::: SOURCE DATA :::

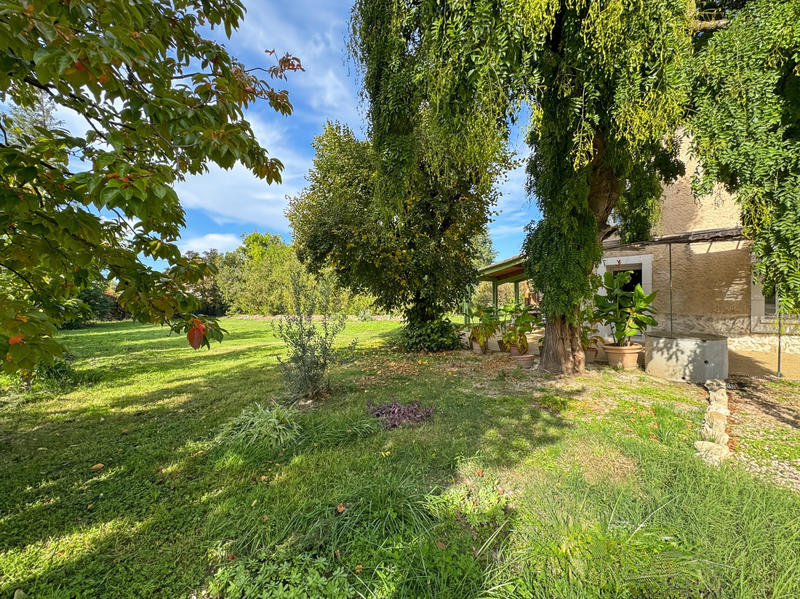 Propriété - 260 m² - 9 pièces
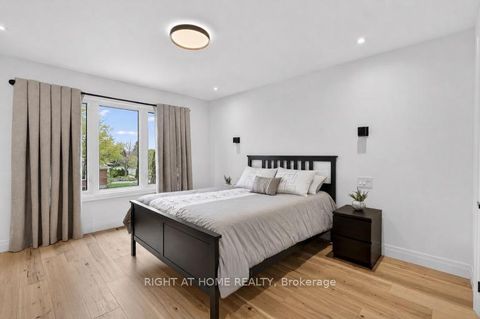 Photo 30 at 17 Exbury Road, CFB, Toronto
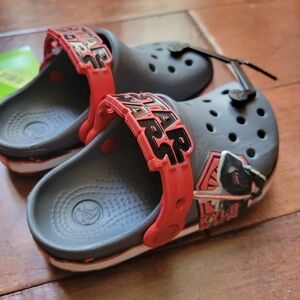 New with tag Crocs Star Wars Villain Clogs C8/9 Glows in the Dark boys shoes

:::
::: SOURCE DATA :::

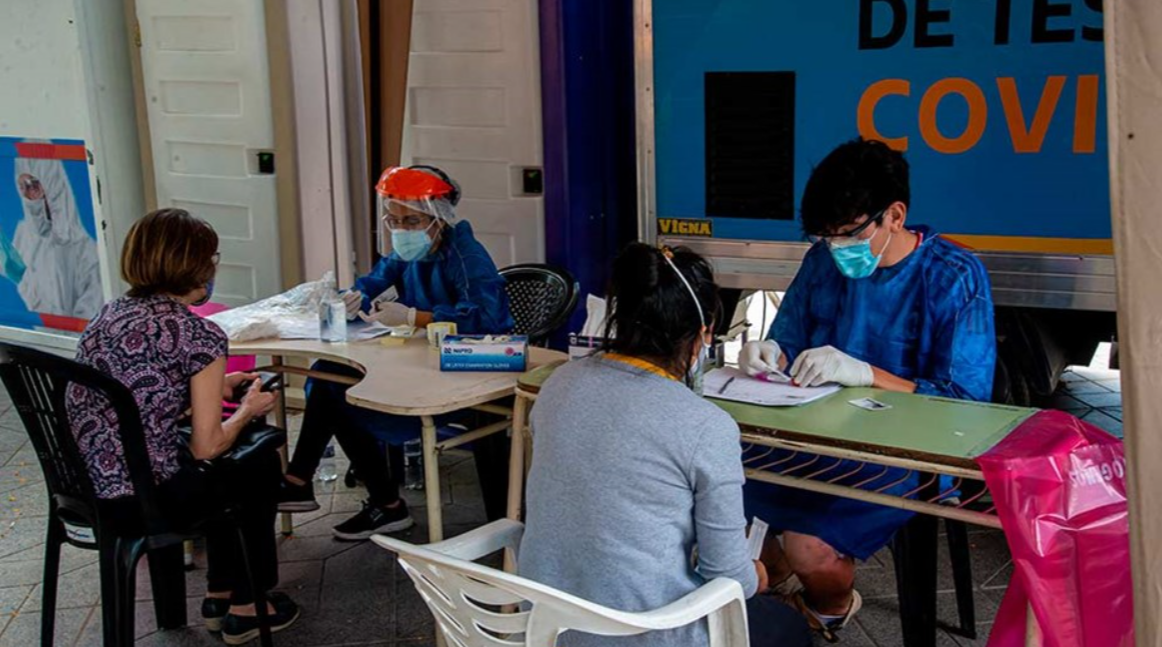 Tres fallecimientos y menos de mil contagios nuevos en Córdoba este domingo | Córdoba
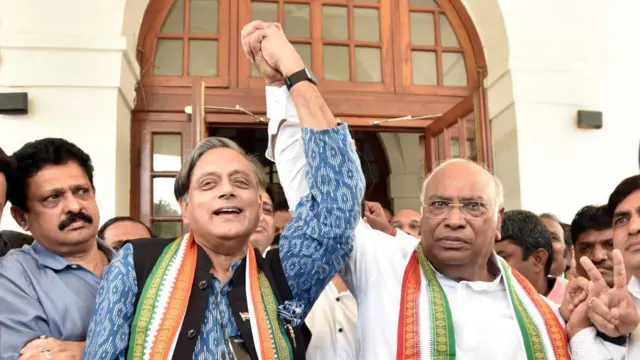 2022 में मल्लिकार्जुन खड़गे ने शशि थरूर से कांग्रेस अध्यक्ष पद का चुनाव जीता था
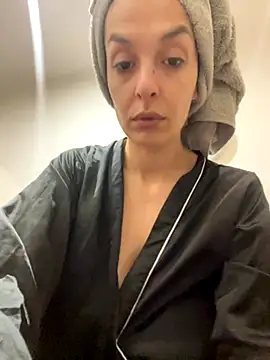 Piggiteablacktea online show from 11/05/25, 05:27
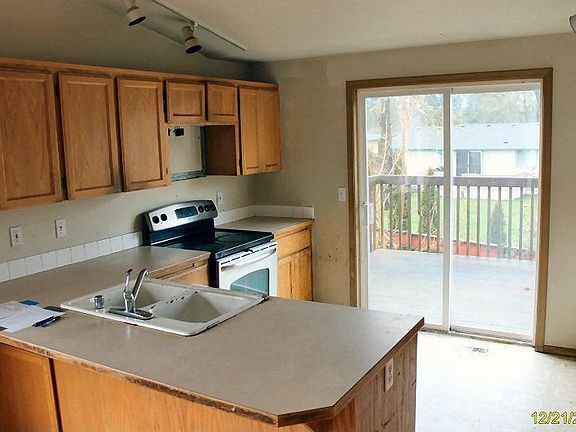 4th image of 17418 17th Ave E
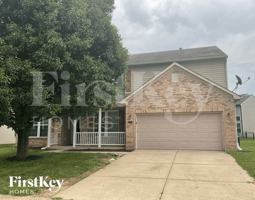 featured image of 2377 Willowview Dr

:::
::: SOURCE DATA :::

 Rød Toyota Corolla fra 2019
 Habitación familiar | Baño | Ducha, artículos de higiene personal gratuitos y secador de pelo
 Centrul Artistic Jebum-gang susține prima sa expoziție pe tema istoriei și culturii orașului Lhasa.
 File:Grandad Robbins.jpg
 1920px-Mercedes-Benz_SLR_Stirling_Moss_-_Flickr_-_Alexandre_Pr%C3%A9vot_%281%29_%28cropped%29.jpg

:::

--- YOUR ASSIGNMENT ---
In the listing above, find the line with "2022 में मल्लिकार्जुन" and output it and every line after it up to and including the line with "featured image of 2377 Willowview Dr", exactly, minus the pictures.

--- RESULT OF THIS EXERCISE ---
 2022 में मल्लिकार्जुन खड़गे ने शशि थरूर से कांग्रेस अध्यक्ष पद का चुनाव जीता था
 Piggiteablacktea online show from 11/05/25, 05:27
 4th image of 17418 17th Ave E
 featured image of 2377 Willowview Dr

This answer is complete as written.